The defendant also argues that the trial court did not sufficiently ascertain whether there was a sufficient factual basis to justify accepting his plea of guilty;[4] and that it was in error in applying a so-called "probable cause" standard of proof in that regard. We recognize, of course, that it is the duty of the trial court to see that the interests of justice are served by now allowing a person to enter a plea of guilty to a crime he has not committed. In performing that duty, the court is not bound to any rigidity of rule or procedure, but may do it in any manner consistent with reason and fairness which he thinks will best accomplish that purpose.[5] This responsibility was properly taken care of here by the court hearing a summary by the prosecutor and by the defendant's counsel of their evidence as to the position of each, upon the basis of which the court accepted the plea of guilty on the one count and granted the motion to dismiss to the others.

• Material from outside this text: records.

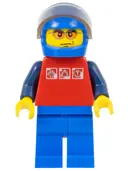 Minifigurka: CTY0196:  Red Shirt with 3 Silver Logos, Dark Blue Arms, Blue Legs, Blue Helmet, Orange Sunglasses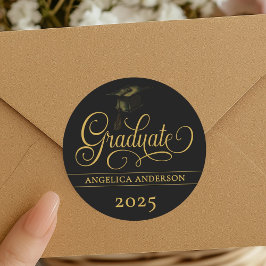 スクリプトエレガントの卒業ステッカー ラウンドシール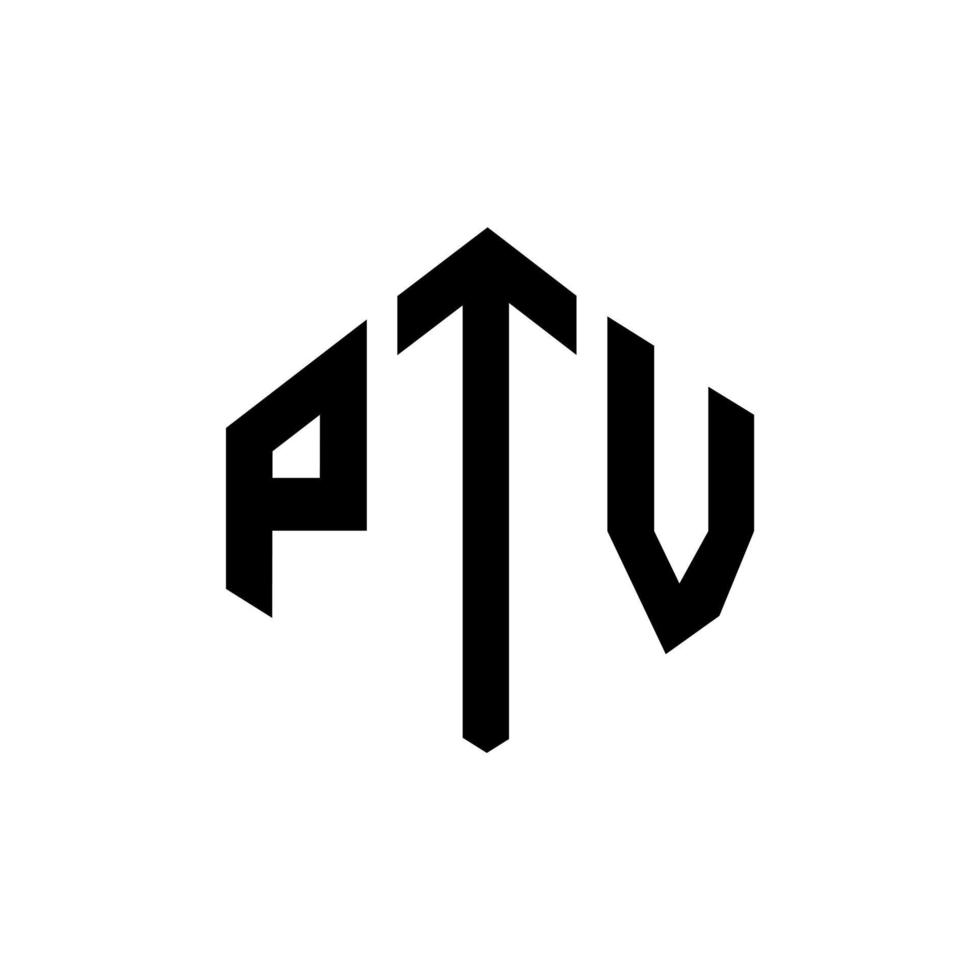 ptv-Buchstaben-Logo-Design mit Polygonform. ptv-polygon- und würfelform-logo-design. ptv Hexagon-Vektor-Logo-Vorlage in weißen und schwarzen Farben. ptv-monogramm, geschäfts- und immobilienlogo. vektor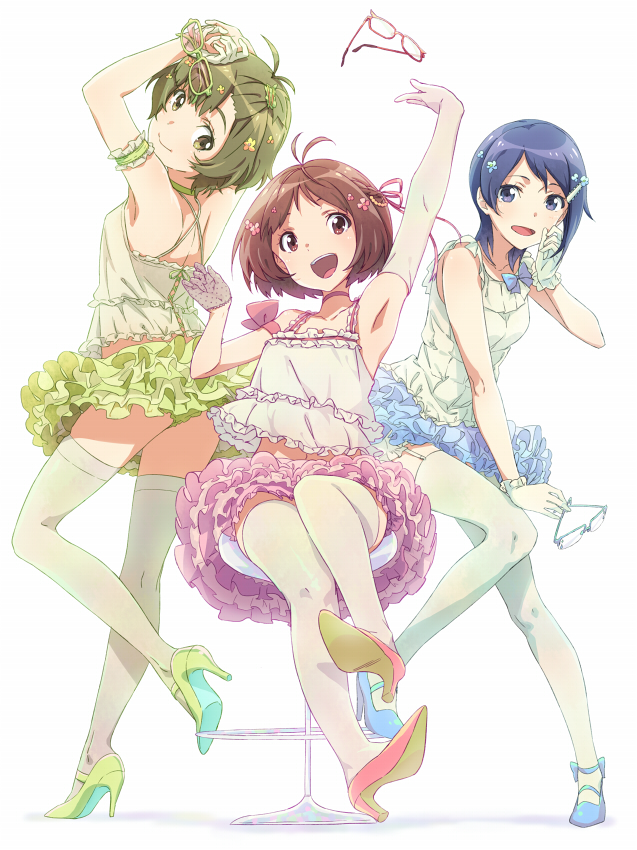 akizuki ryo, mizutani eri, and hidaka ai (idolmaster and 1 more) drawn by pinuett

In regard to the defendant's contention that he was not accorded the right to effective counsel,[6] this is to be said: It is not at all uncommon for one who finds himself in such trouble as having been found or pleaded guilty to a crime to turn upon and impute fault to one who has previously tried to assist him. But the mere assertion of such a charge does not prove the fact. This is especially so because the assertion is suffused with such self-interest that the trial court is not bound to believe it.[7] From what has been said above, it will be seen that the defendant's counsel represented his interests before the court, even when the defendant himself did not cooperate and could not be located. The record plainly indicates that at the time of the entry of the defendant's plea, there was a full discussion and inquiry into his options and the dismissal of the other charges, pursuant to which he voluntarily made his choice.

In this proceeding defendant had the burden to persuade the court that his counsel failed in some manner to represent his interests, which resulted in prejudice to his defense,[8] in which burden he failed. The motion to withdraw a plea of guilty is addressed to the discretion of the court;[9] and as in all discretionary matters, due to his prerogatives and his advantaged position, the trial judge is allowed considerable latitude in the exercise of that discretion, which the appellate court will not interfere with unless it plainly appears that there was abuse thereof.[10] On the basis of the record before us and what has been said herein, we are not persuaded that there was any such abuse of discretion.

Affirmed. No costs awarded.

ELLETT, C.J., and MAUGHAN, WILKINS and HALL, JJ., concur.


[1] Sec. 76-6-405 and 76-6-412, U.C.A. 1953.

[2] Strong v. Turner, 22 Utah 2d 294, 452 P.2d 323.

[3] Id.

[4] Citing North Carolina v. Alford, 400 U.S. 25, 91 S. Ct. 160, 27 L. Ed. 2d 162.

[5] People v. Hudson, 7 Ill. App.3d 800, 288 N.E.2d 533; People v. Dugan, 4 Ill. App.3d 45, 280 N.E.2d 239; United States v. Nichols, 142 U.S.App.D.C. 194, 440 F.2d 222; State v. Newton, 87 Wash. 2d 363, 552 P.2d 682.

[6] See Strong v. Turner, footnote 2 above; Andreason v. Turner, 27 Utah 2d 182, 493 P.2d 1278; Alires v. Turner, 22 Utah 2d 118, 449 P.2d 241.

[7] Strong v. Turner, footnote 2 above; Sullivan v. Turner, 22 Utah 2d 85, 448 P.2d 907.

[8] Jaramillo v. Turner, 24 Utah 2d 19, 465 P.2d 343.

[9] State v. Garfield, 552 P.2d 129 (Utah).

[10] McGiff v. State, 514 P.2d 199 (Wyo.); Meyer v. U.S., 424 F.2d 1181 (8th Cir.); State v. Huntley, 129 N.J. Super. 13, 322 A.2d 177.